From her creation in Melbourne in 1955 to what would be her final performance in 2020 for the BBC, Dame Edna towered over audiences in one-woman shows across Australia to London’s West End and Broadway and was a ubiquitous and blinding presence in sequins and rhinestones on television all over the English-speaking world.

She was born just an “everage” Australian housewife but evolved over decades into a larger-than-life national and international treasure. Her schtick was spoofing first suburban pretensions, then the cult of celebrity that her own rise to fame coincided with.

Humphries originally conceived the character under the influence of Dadaism, and a lot of drinking, as he later confessed. Dame Edna’s resurrection in the 1970s was a part of her creator’s own rehabilitation following a battle with alcoholism.

One part Don Rickles, another a jewel-draped, side-eyed Oprah, Dame Edna triumphed on stage with her Tony Award and Drama Desk-winning performance in “Dame Edna: The Royal Tour,” in 1999, and later in “Dame Edna: Back With a Vengeance” in 2004 and “All About Me,” a revue with singer and pianist Michael Feinstein, in 2010.

Those shows and all of Dame Edna’s appearances opened with her signature greeting, “Hellooooo, Possums!” and closed with the “housewife superstar” tossing fresh gladiolas into the audience.

In between, Dame Edna’s fans would come in for a drubbing, as she cocked her wisteria-toned bouffant to the front row: “I know, dear. I used to make my own clothes, too.”

Once a mousy brunette under pillbox hats, Edna blossomed as she flaunted bourgeois bigotries for laughs, even as she skewered them.

Her one-woman shows threw a spotlight on the performer’s favorite subject, herself, and the constellation of concerns that revolved around her. Of her husband and children, Dame Edna said: “I made a decision: I put my family last.”

Even the royal family, Dame Edna intimates by her own account, could be burdensome. “I’ve had to change my telephone number several times to stop them ringing me.”

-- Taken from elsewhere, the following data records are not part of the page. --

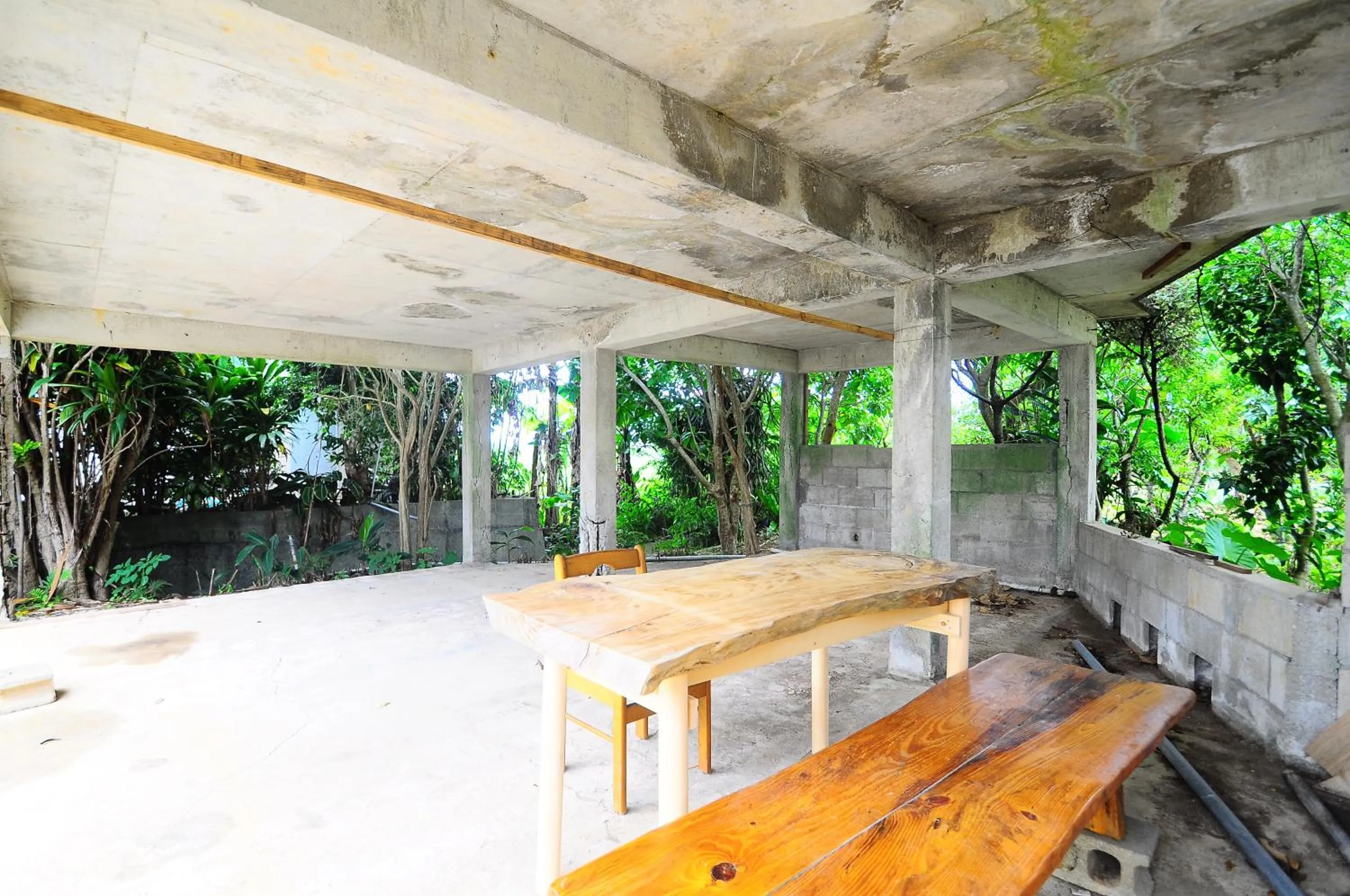 Area and facilities in Makiya Tokusukeya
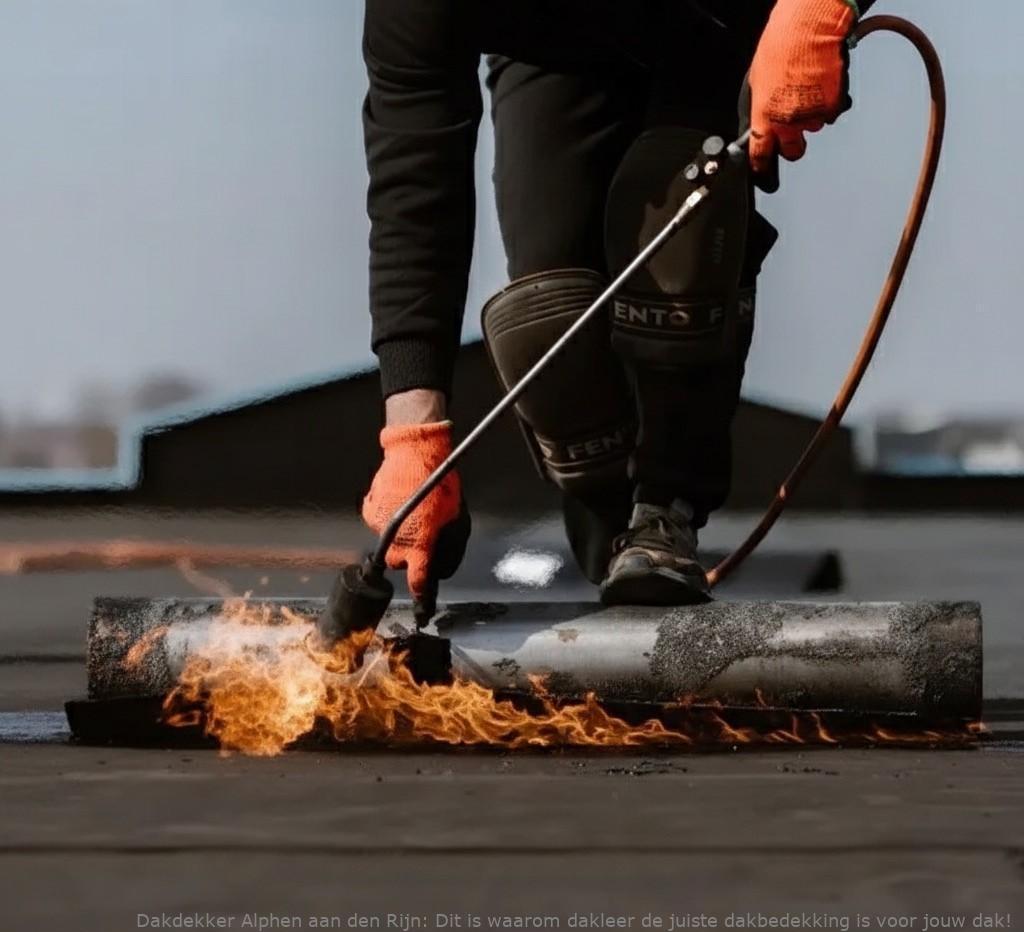 Bitumen Dakbedekking Dakleer Alphen Aan Den Rijn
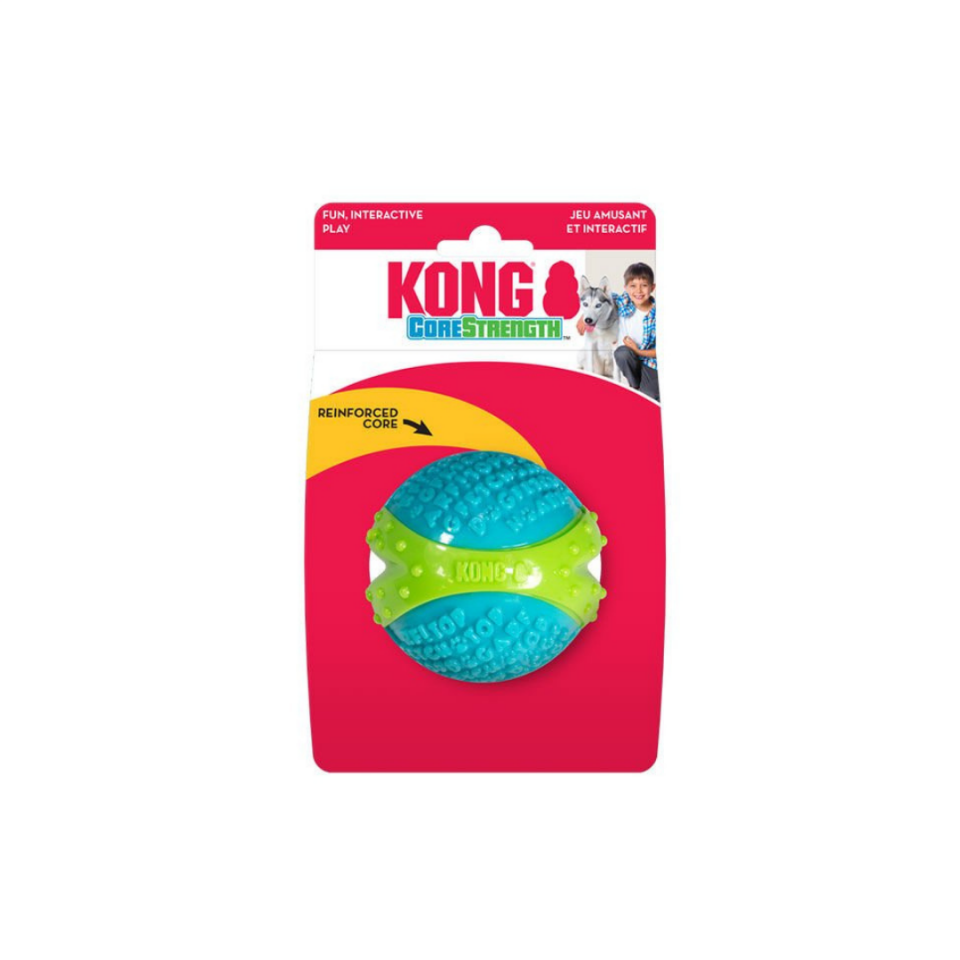 KONG CoreStrength Top Şeklinde Köpek Oyuncağı L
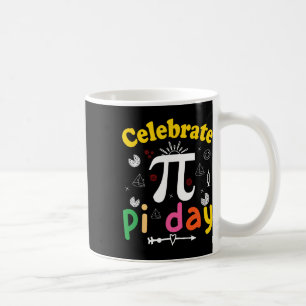 Caneca De Café Pi Math Science Stem Gift 3,14 Pi Dia 1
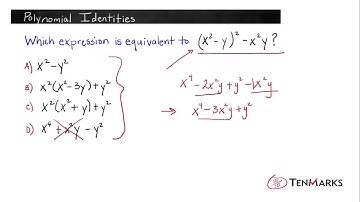 Polynomial Identities (A-APR.4)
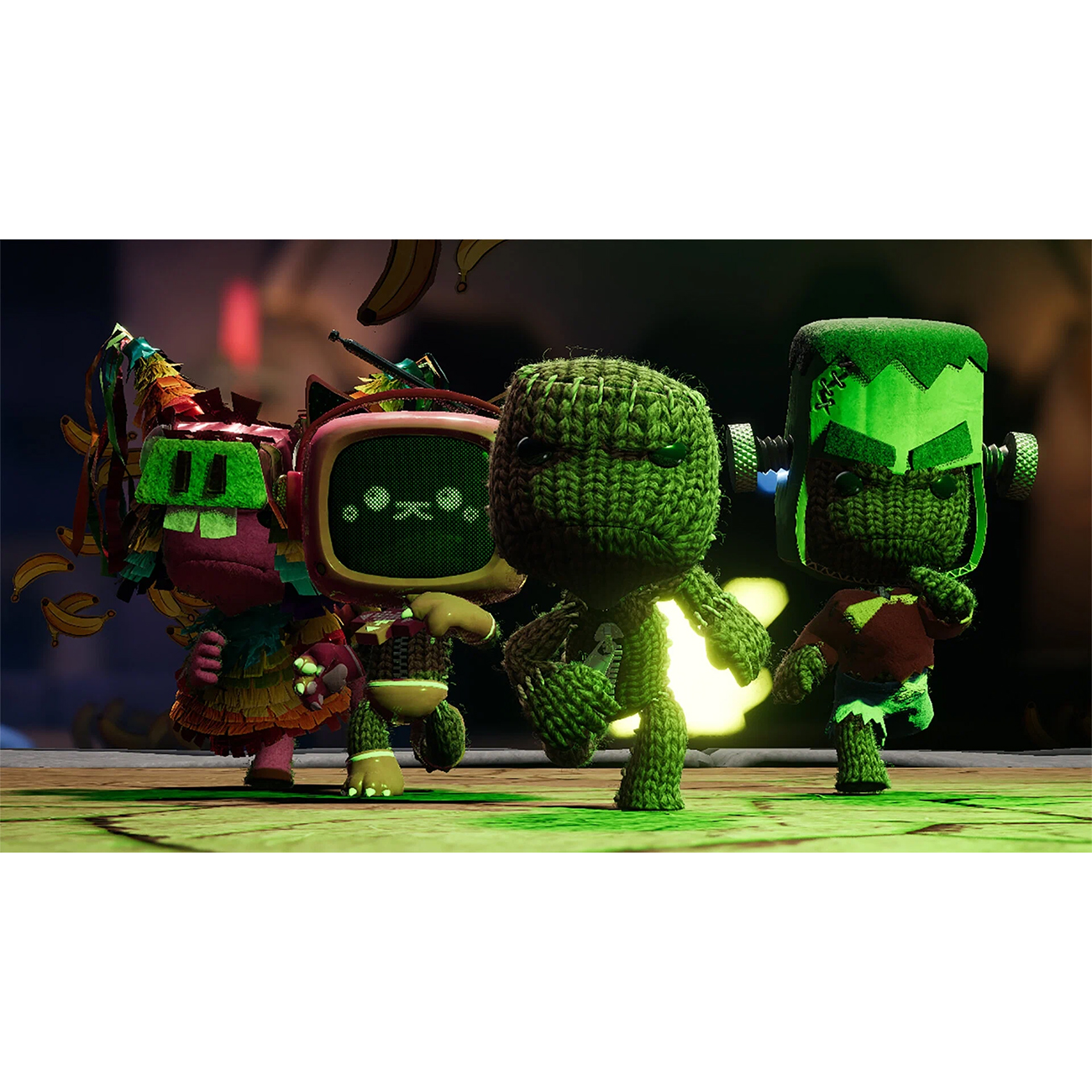 Игра: Sackboy A Big Adventure (Сэкбой Большое приключение) для PS5 (диск, русская oзвучка)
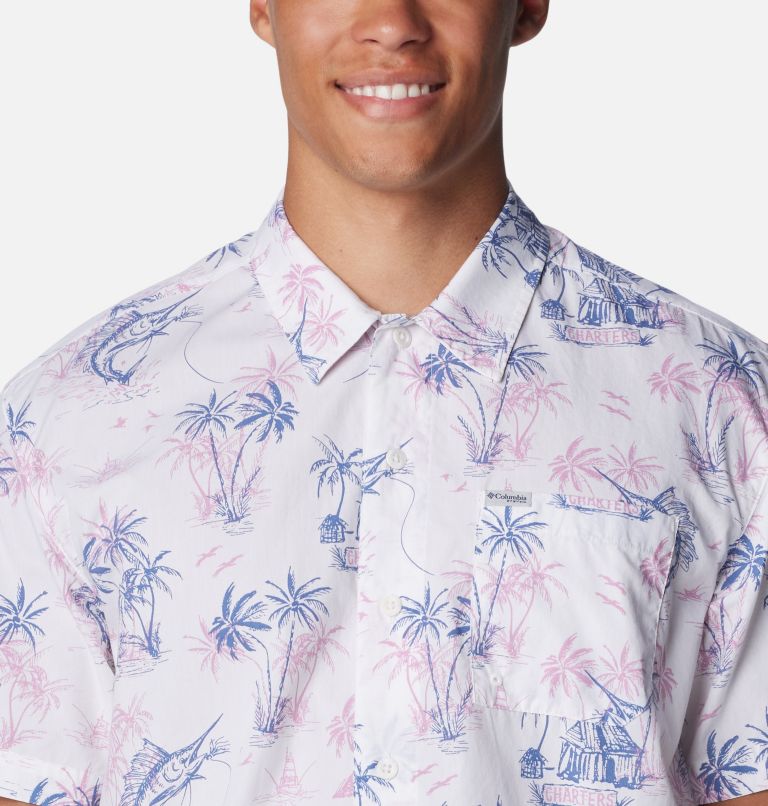 Pink Columbia Shirts for Men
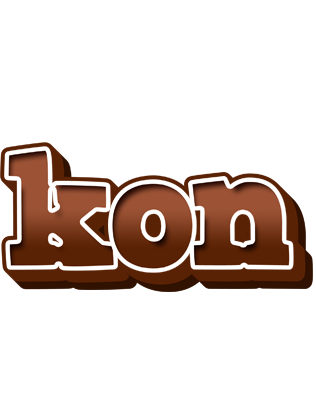 Kon brownie logo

While Dame Edna acknowledged cultivating and maintaining her star status wasn’t easy (“Good self-esteem is very important. I look in the mirror and say, ‘Edna, you are gorgeous, gorgeous, gorgeous’”), she had no qualms cutting her fellow celebrities down to size.

“You’ve had nine hits this year,” she purred at Michael Bolton in an interview with the American singer. “On your website.”

According to her autobiography, My Gorgeous Life, Edna May Beazley was born in Wagga Wagga, Australia, sometime in the 1930s. She was an ordinary housewife who found sudden acclaim after winning a nationwide competition, the Lovely Mother Quest.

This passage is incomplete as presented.